Skip to content

Latest commit

 

History

History

pytorch

MLCommons (MLPerf) Inference Benchmarks for Recommendation Task

This is the reference implementation for MLCommons Inference benchmarks.

Please see the new docs site for an automated way to run this benchmark across different available implementations and do an end-to-end submission with or without docker.

Supported Models

TODO: Decide benchmark name

name framework acc. AUC dataset weights size prec. notes
dlrm_dcn (debugging) PyTorch N/A N/A Fake multihot criteo dataset generated with make_fake_criteo.sh N/A ~1GB fp32
dlrm_dcn (debugging) PyTorch 81.07% N/A Multihot Criteo Sample pytorch ~100GB fp32
dlrm_dcn (official) PyTorch N/A 80.31% Multihot Criteo pytorch ~100GB fp32

Disclaimer

This is a reference implementation of the benchmark that is not meant to be the fastest implementation possible. The official model is the largest model on the order of 100GB, while interface to other models is only provided to facilitate debugging.

The reference implementation includes all required pre-processing of datasets. It also includes --accuracy option to validate accuracy and ROC AUC (receiver operating characteritics area under the curve) metrics as required by MLPerf [1].
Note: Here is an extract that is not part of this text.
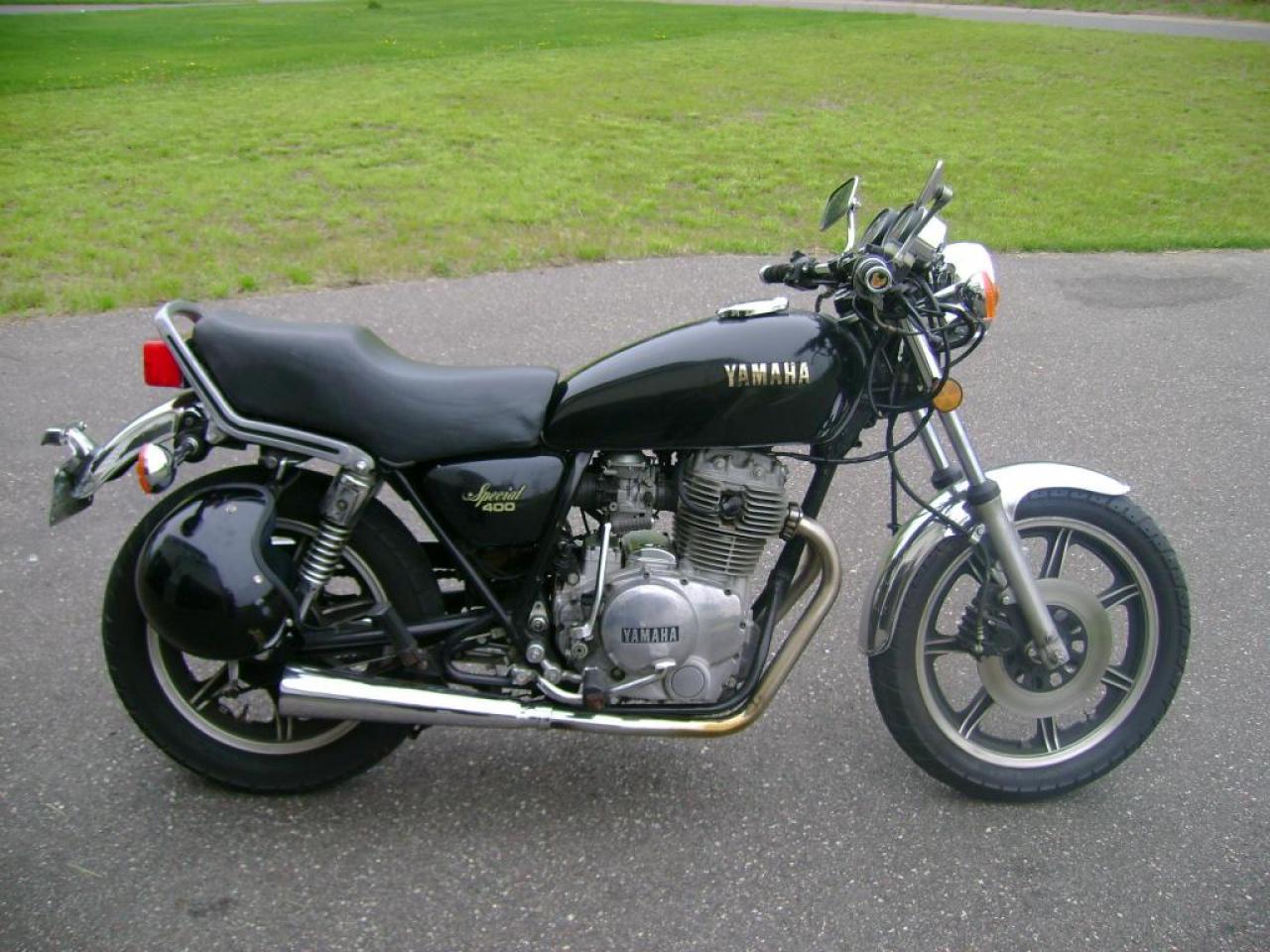 Review of Yamaha XS 400L Maxim 400cc pictures, live photos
The reference implementation was tested on a machine with 256GB RAM and 8x32GB GPUs.

[1] T. Fawcett, An introduction to ROC analysis, Pattern Recognition Letters, 2006

Prerequisites and Installation

We support PyTorch and might add TensorFlow backend implementation.

The following steps are only needed if you run the benchmark without Docker.

Python 3.5, 3.6 or 3.7 is supported and we recommend to use Anaconda.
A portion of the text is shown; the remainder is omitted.